— Читаем?
Литвинов на всякий случай решил ответить по форме. Пиебалгс мог докопаться до фонарного столба. Ему всё равно, кто и где обкатывался — в Чечне или Дагестане: попал под определение «курсант» — получи соответствующее отношение.
— Так точно, товарищ старший сержант.
— Не слышу бодрости в голосе. В следующий раз... — Рудгер осекся, снова пристально вглядевшись в Литвинова. Шагнув к нему вплотную, он тихо сказал: — Не нравишься ты мне.
«Форма» сползала с Литвинова вылинявшей змеиной кожей — медленно, обнажая новый покров. Лицо сержанта стало розовым, костяшки сжатых в кулаки пальцев побелели. Он еле удержался от того, чтобы показать этому латышу всё, на что был способен. Затылком чувствовал, как видоизменяются начертанные на стенде слова и перерождается их смысл: «Он соглашается со своим прошлым и будущим, выплескивая всё это из сердца своего». И лишь одно осталось неизменным: «Разведчик уже не принадлежит ни самому себе, ни своим начальникам, ни своим воспоминаниям...»

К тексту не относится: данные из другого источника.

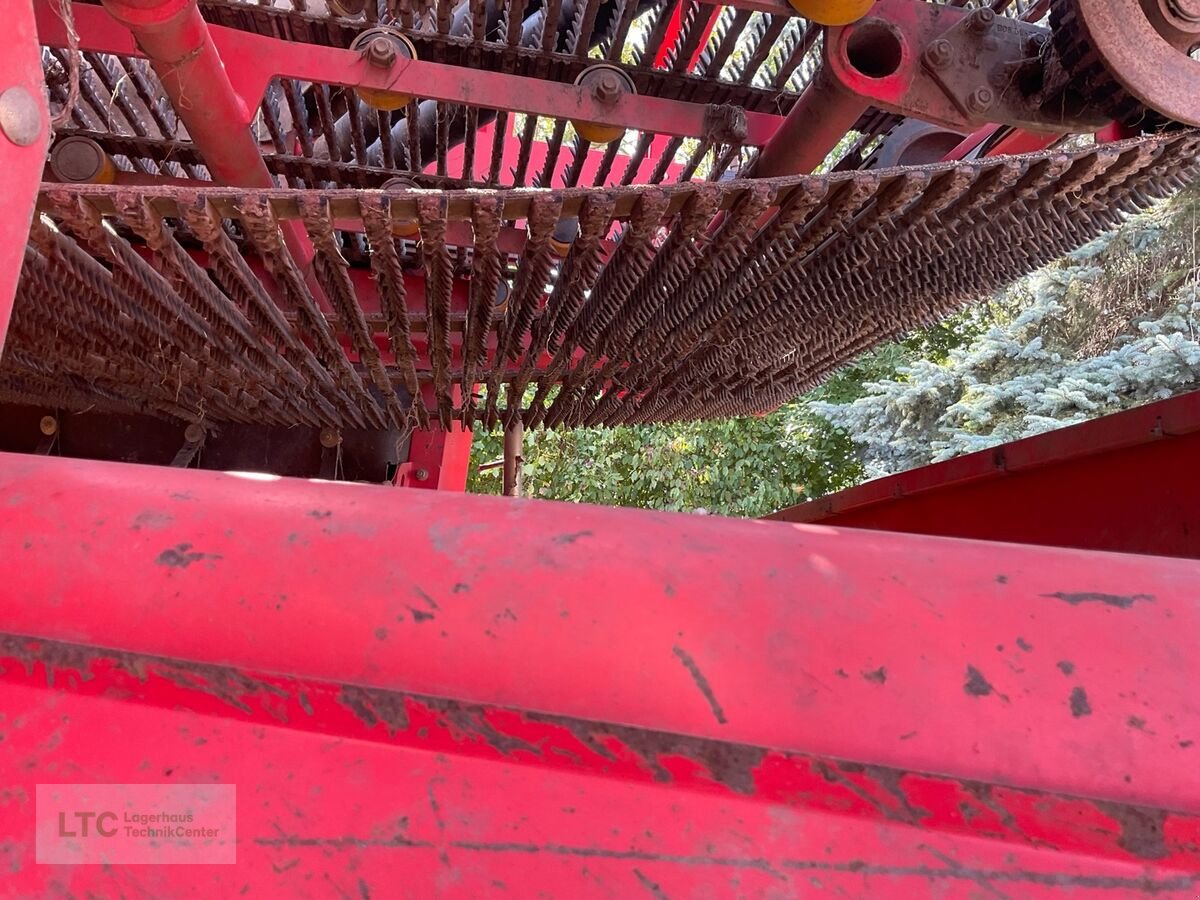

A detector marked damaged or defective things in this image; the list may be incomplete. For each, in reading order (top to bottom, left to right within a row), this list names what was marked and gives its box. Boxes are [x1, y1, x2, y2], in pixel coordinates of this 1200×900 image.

Литвинов неимоверным усилием воли сумел взять себя в руки и ответить старшему сержанту бледной улыбкой:
— Я нравлюсь своей девушке. Мне этого хватает.
Удивительно пропорциональным было лицо Рудгера, его можно было поделить на две части и не найти отличий. Глубокие складки вокруг тонких губ ровные, словно он никогда не ухмылялся; брови находились на одной линии, что, наверное, свидетельствовало о том, что они ни разу не выразили удивления, а служили лишь для того, для чего и были предназначены природой: не давали поту попадать в глаза.
На такое лицо приятно смотреть разве что в оптический прицел: когда воображаемые линии на нем сольются с перекрестьем — всё, можно смело жать на спусковой крючок, не промахнешься.
«Не нравишься...»
Сержант снова вспомнил предостережения капитана Шарова об отношении к нему, Литвинову, как к человеку, который, не пройдя жесткий отбор, всё же оказался в элите элит, как окрестили новое подразделение курсанты. Но разве он не показал на индивидуальных тестах свое мастерство, выносливость, выдержку? В группе он был бы лучшим, и ему не грозил отсев. О чем, собственно, ему и сказал ротный, удивленный подготовкой Литвинова.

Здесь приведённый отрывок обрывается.